Two Weddings, a Funeral, and a Naturalization Ceremony

Two weddings, a funeral, and a naturalization ceremony. This pretty much sums up my time in law school, in many ways. I lost my dad suddenly at the end of my 1L Spring semester (during finals: really wouldn’t recommend). During my 2L and 3L years I had two weddings: one in the U.S. and one in the U.K., where I grew up and my family still live. (For the sake of clarity: these weddings were to the same person. I’m nothing if not consistent.) And after having lived in the U.S. since 2016, I became a citizen in February of last year.

Of course, my time in law school was marked by a great deal more. But, when I think back to my time at BC Law, these are the progress points—the proverbial highway markers as it were—that map out the last three years for me temporally. These events were the points at which “life” most intruded into law school. Law school is all-consuming in a way I do not think I fully comprehended before I began my 1L year.

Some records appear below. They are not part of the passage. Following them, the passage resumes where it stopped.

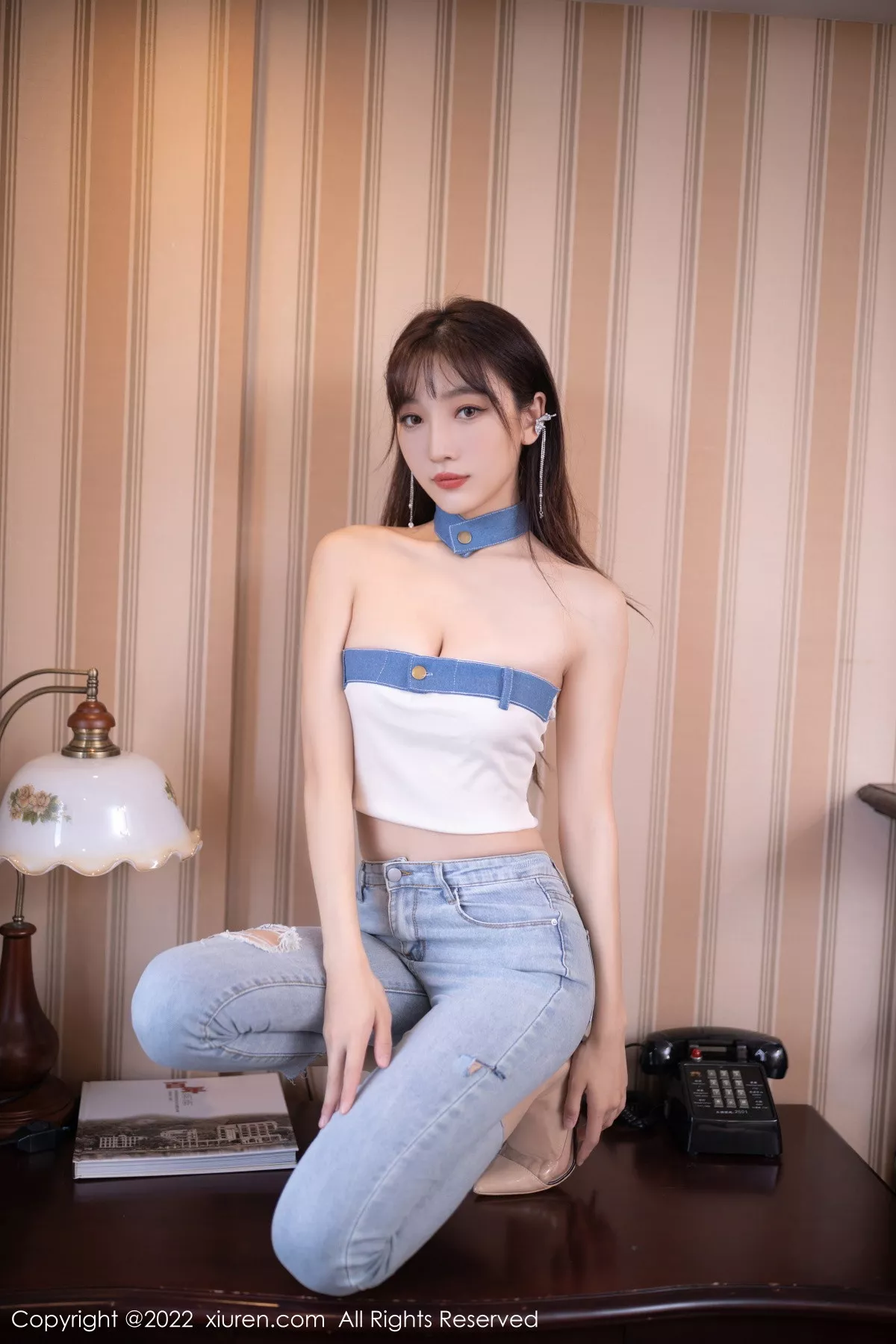 秀人集.com_[XiuRen秀人网]No.5908_模特陆萱萱北京旅拍半脱牛仔裤露超薄无内肉丝秀翘臀诱惑写真77P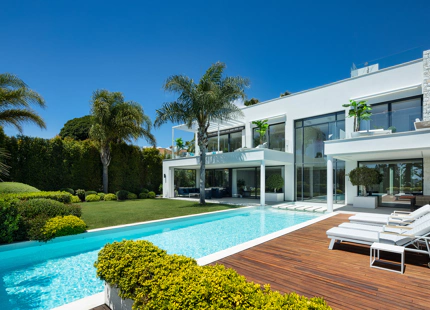 VILLA PREMIADA EN VENTA EN MARBELLA ESTE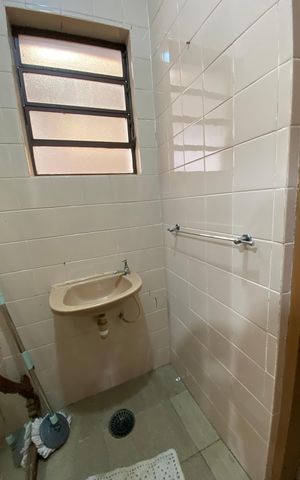 Casa à venda com 326m², 5 quartos e 3 vagas Casa à venda com 326m², 5 quartos e 3 vagasSalão - Banheiro
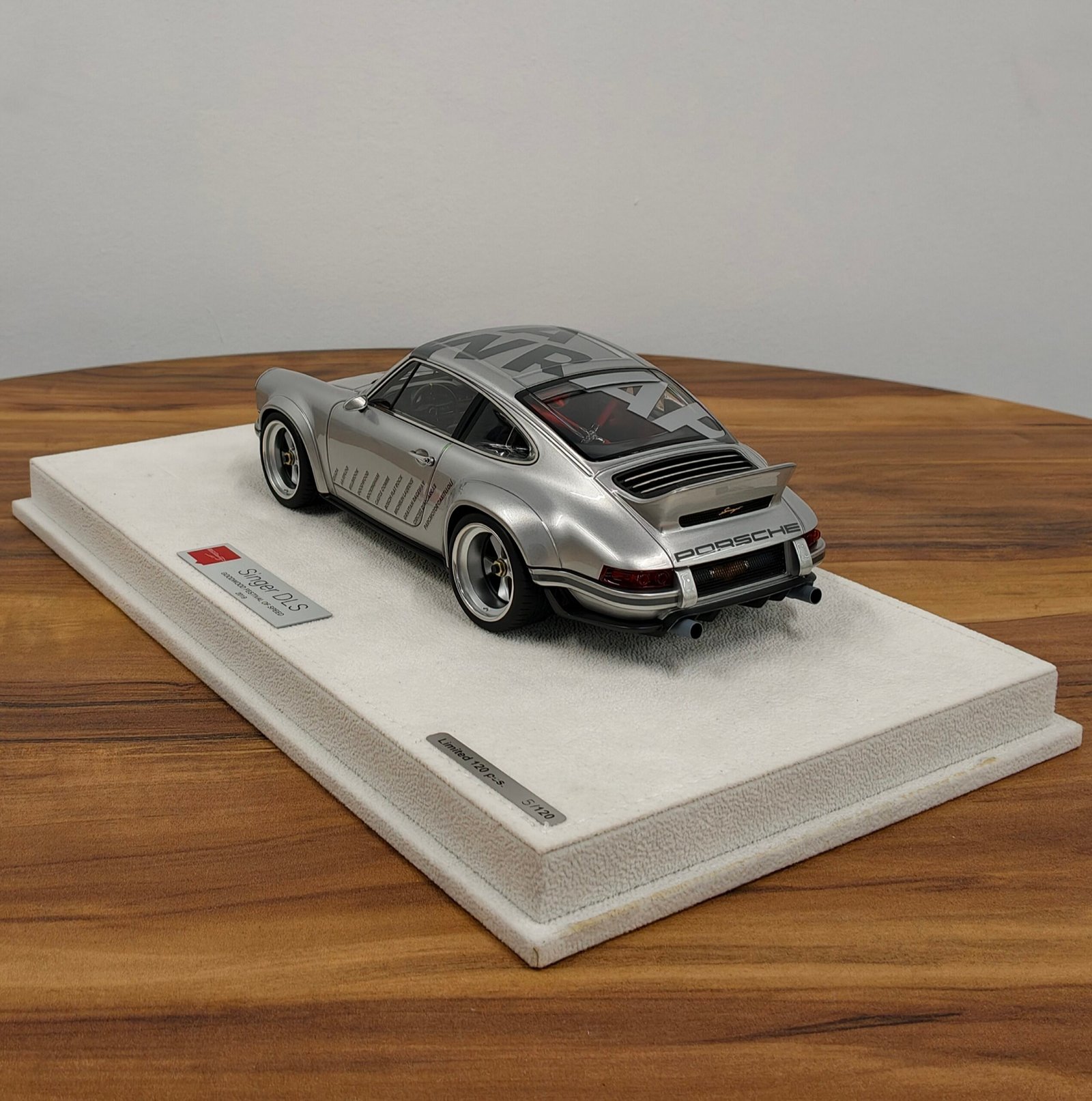 Porsche 911 Singer DLS 5 (Silver) 1:18 - Image 2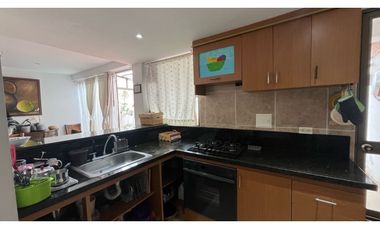 Vendo linda casa de dos niveles en Cajicá.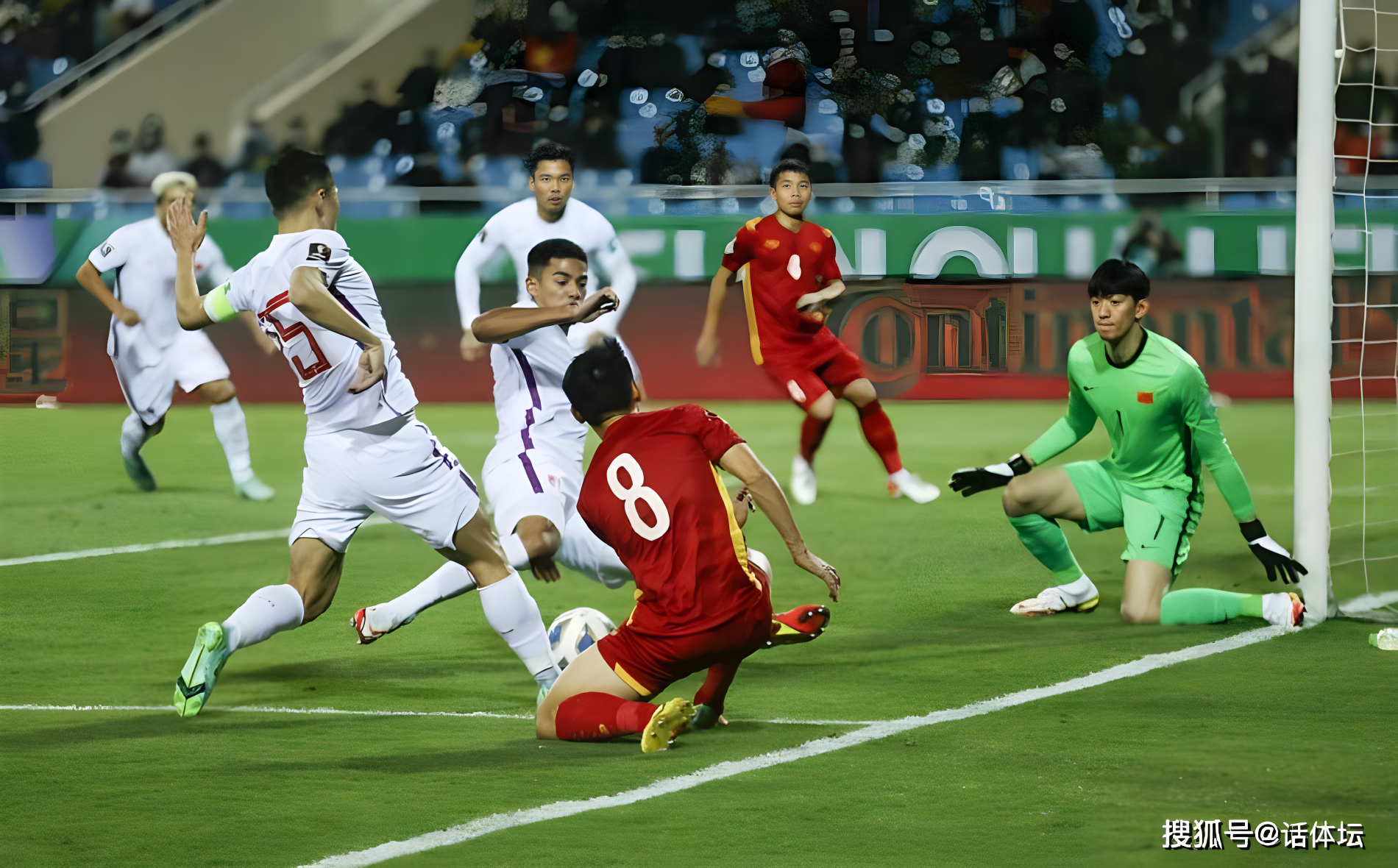 关于球场风云！国内足球职业联赛一幕幕精彩绝伦的信息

I had worked for five years before returning to school, including three and a half years in a high-pressure role in New York City. But nothing prepared me for the way that law school threatened to take over and take me away from my sense of self. The death of my father, marrying my wife, cementing my life over in the U.S.: these were the events and the life-is-what-happens-to-you-while-you’re-busy-making-other-plans moments that burst the illusion of the bubble of law school for me. 

They were also the moments where I felt the most supported and loved by my friends in school. When my dad died, numerous members of my 1L section sent me their outlines (many completely unprompted). Countless other BC students—including some I had barely spoken to—reached out to check in and offer whatever support they could. Dear friends from law school were guests and part of my groom’s party at both of my weddings. And the memory of signing my Certificate of Naturalization while surrounded by some of my closest friends from law school is something I will never forget. I think it is this kindness that I will ultimately most associate with my time in law school. 

If there is one message that I (with the creaking, wizened limbs and failing eyesight of an aging 3L and soon-to-be-graduate) wish to impart on other students, it is ultimately this…law school (and the legal profession more broadly) can socialize you into a particular way of thinking and being. At its best, the law can often be uniquely cold and unfeeling: with callousness frequently masquerading as objectiveness in the abstract world of legal policy debates. At its worst, it can be overtly violent. The high pressure and competitive environment can encourage you to hoard and gatekeep rather than share. It can also breed insularity and disconnection, rather than collaboration and partnership. Against this backdrop, to be a law student that is kind, loving, and affirming is its own unique form of radicalism and resistance. 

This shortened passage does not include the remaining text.